En forme de confession, la chanson « Douce » qui semble faire un écho taciturne au titre « Puissance de la douceur » d’Anne Dufourmantelle, dévoile le revers sombre d’un caractère (« Si tu savais la haine qui coule dans mes veines/Tu aurais peur, tu aurais peur ») en convoquant en arrière-fond sonore de discrètes cordes ombrageuses qui viennent prendre le relais d’accords de piano élégiaques.
L’énigmatique « Lettre à M. » évoque quant à elle la figure de la mère disparue, avec une pudeur et une simplicité éloquentes, tant dans les paroles que dans la douceur poignante d’un piano/voix lancé dans l’au-delà comme une bouteille à la mer. L’ombre de la défunte ne manque pas de planer sur la maison qu’il faut abandonner à regret dans « La maison « , mélopée mélancolique qui dit l’omniprésence fantomatique de l’être disparu dans tous les recoins.
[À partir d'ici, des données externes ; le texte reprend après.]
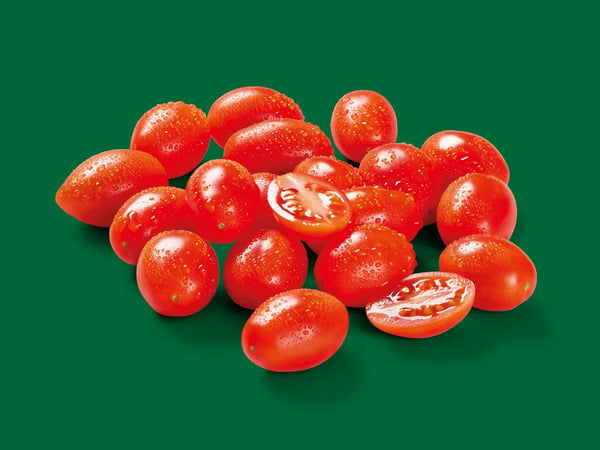 Bild 1 von Bioland Deutsche Dattelcherrytomaten, 
         200 g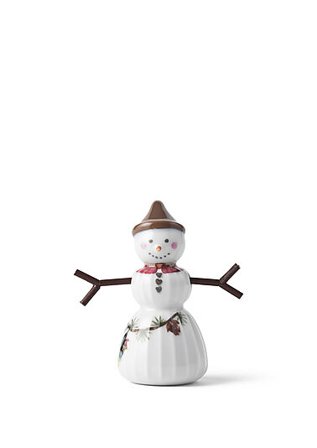 Snøjente H8CM Hvit Hammershøi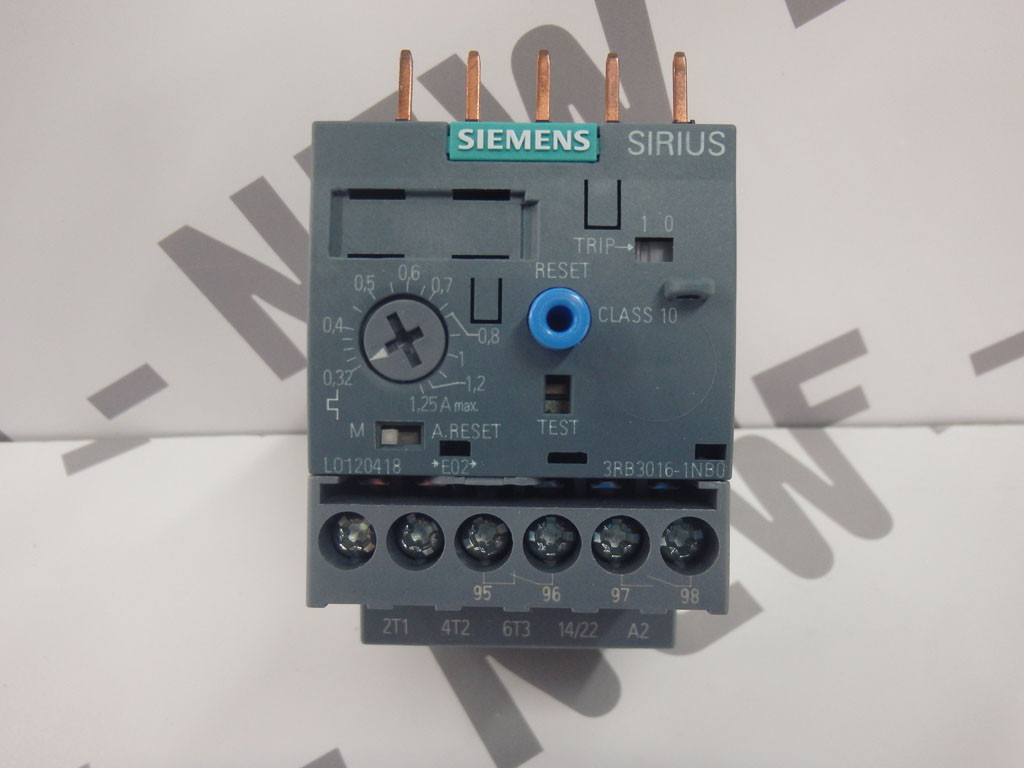 SIEMENS 3RB3016-1NB0
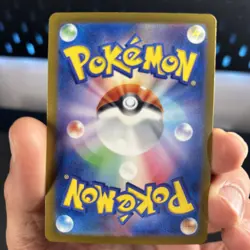 Magikarp MASTER BALL Reverse Holo Pokemon 151 Japanese sv2a NEAR MINT - Image 3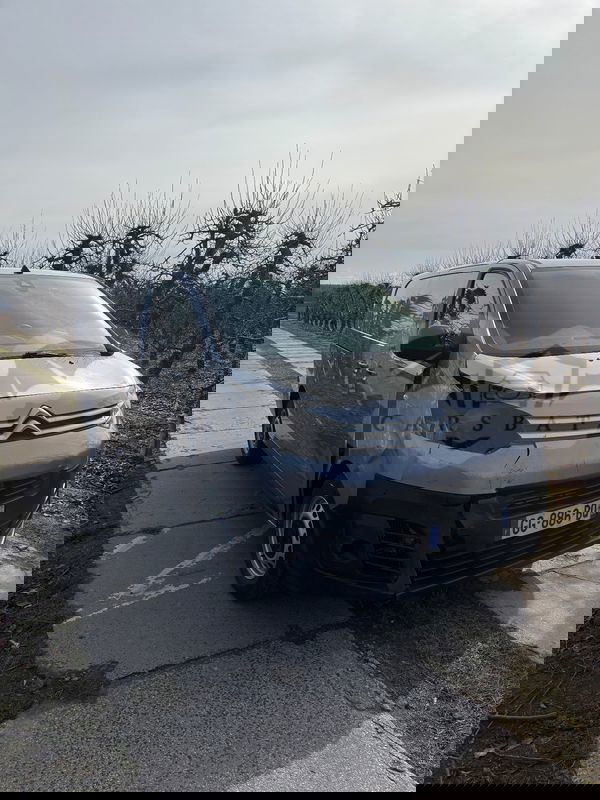 Citroën Jumpy XL BlueHDi 180 EAT8 Club 2022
Mais l’enchanteresse qu’est Clara Ysé sait transcender la tristesse, qui ne durera pas toujours car « derrière les nuages il y a toujours le ciel bleu qui lui vient toujours en ami te raconter tout bas que la joie est toujours à deux pas », comme elle le chante dans « Le monde s’est dédoublé ». Si la musique est un refuge, un rivage pour celle qui se plaît à chanter les naufrages, « Oceano nox » fait partie de ces albums cathartiques qui prodiguent consolation, force et baume au cœur à l’auditeur. La pop et le lyrisme s’y déploient en majesté, au diapason d’une voix de soprano stratosphérique, pleine d’élans vertigineux, consolidée par des années de chant lyrique. « L’Etoile » de la chanson, c’est elle, Clara Ysé, l’une des plus lumineuses et majestueuses au firmament de la chanson française.